Artha often wondered how she had managed to catch the clap only once, even with all the washing. She had played around with a very rough group in Milwaukee, spades mainly, numbers people, pimps, second-story men, some dealers in reds. She had never taken to drugs. She simply did not like them. "They just don't agree with me," she said. She had taken up with a black pimp after her baby was born. There was a black girl in the maternity ward with her and the pimp had come to see her a couple of times, but he had spent most of his time talking to Artha. She had never balled a black man before, although at that time she never called them blacks. In the part of Milwaukee where she was brought up, blacks were "niggers," and it surprised her when she got out of the hospital and began going with the pimp that the blacks called each other nigger, although they did not much like it if a white person did. She went with the pimp for several months and he bought her clothes and paid for her apartment and one day when he asked her to do a white friend a favor and work a house in Antigo, Wisconsin, she said, "Why not?" Antigo is in the potato and lumber country and the house was a two-girl affair and she was expected to service anyone who came through the door. The other girl did not seem to be around and the madam said the other girl was having her period, but a couple of days later Artha learned that a lumberjack had laid open the girl's skull with an ax handle. It was an accident; he was drunk; the girl would live. Artha was not reassured. She had arrived in Antigo on the bus on a Tuesday and was back in Milwaukee Friday afternoon, missing the big weekend rush in the lumber country. But in the slow middle of the week in Antigo, Tuesday night, Wednesday night and Thursday night, she had serviced 31 potato farmers and lumberjacks, and that seemed more than adequate payment for the clothes and the apartment the pimp had given her.
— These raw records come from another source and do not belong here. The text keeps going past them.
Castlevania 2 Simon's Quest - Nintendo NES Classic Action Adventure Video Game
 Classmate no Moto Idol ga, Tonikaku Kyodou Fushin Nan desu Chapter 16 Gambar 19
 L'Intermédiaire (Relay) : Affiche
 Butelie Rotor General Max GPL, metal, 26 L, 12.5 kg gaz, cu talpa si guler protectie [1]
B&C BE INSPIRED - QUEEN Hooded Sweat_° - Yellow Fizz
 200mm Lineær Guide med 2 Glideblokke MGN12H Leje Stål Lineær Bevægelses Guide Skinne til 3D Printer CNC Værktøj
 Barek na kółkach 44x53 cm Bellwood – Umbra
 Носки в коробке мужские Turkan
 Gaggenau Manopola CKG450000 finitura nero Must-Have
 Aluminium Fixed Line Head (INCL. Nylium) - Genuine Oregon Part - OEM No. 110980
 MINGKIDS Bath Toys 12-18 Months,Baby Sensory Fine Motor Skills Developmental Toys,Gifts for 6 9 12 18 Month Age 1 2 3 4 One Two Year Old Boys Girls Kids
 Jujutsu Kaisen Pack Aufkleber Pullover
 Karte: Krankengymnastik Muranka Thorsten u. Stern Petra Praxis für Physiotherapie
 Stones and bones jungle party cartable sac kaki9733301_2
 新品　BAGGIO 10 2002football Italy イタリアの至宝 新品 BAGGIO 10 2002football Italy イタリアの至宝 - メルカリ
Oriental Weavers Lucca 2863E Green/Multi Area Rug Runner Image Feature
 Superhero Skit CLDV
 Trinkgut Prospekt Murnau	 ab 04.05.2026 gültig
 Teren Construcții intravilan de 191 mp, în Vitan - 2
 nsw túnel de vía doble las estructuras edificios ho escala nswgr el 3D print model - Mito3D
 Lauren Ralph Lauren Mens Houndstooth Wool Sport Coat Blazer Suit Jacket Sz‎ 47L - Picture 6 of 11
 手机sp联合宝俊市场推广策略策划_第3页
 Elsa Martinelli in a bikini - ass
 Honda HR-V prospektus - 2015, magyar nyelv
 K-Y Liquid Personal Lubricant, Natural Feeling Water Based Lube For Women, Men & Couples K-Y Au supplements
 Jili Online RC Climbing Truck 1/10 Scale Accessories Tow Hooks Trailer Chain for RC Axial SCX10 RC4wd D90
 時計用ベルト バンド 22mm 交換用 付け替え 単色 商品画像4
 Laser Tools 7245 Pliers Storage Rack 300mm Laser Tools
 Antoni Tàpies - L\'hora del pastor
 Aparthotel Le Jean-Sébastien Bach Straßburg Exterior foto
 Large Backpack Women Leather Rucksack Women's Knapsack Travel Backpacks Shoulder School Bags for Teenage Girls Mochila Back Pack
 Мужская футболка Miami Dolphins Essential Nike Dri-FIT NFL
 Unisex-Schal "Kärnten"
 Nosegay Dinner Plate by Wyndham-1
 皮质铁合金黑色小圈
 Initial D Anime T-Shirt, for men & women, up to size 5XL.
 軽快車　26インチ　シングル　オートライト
She took up with another pimp, who took her to Chicago and set her up in a cheap hotel on the 1000 block of North Clark Street, three dollars a night for the room, and every trick paid the three, so the hotel did not mind the heavy traffic. There was a coin-operated television set in the room, 25 cents for a half hour of TV time, and she balled the night clerk for a roll of quarters in order to watch The Man from U. N. C. L. E. and her other favorites between tricks. The night clerk's name was Opatashu and he had cancer of the rectum and he shit out of his side into a little bag attached to his waist. But he was straight--on, off, no tricks, no gimmicks, not like some of the guys she met on North Clark Street, especially the one with the hot plate. The John with the hot plate would carry it around with him and when he picked up a girl, he would fry up a couple of eggs in her room, dump the eggs on her pussy and then eat them with a plastic knife and fork. That was all, nothing more, except the yolk from the sunny side up crusting in her pubes. Opatashu died while she was on North Clark Street and she went to his funeral. It was something to do, she did not like to waste her quarters on the game shows on TV in the afternoon and the local cooking show reminded her of the John with the hot plate. The assistant manager and the housekeeper of the hotel were at the cemetery, and it struck Artha that it was a sad way to die, cancer of the asshole, poor Opatashu, no place even to crap out of in the end, attended at death only by a fag, a hooker and a spade maid.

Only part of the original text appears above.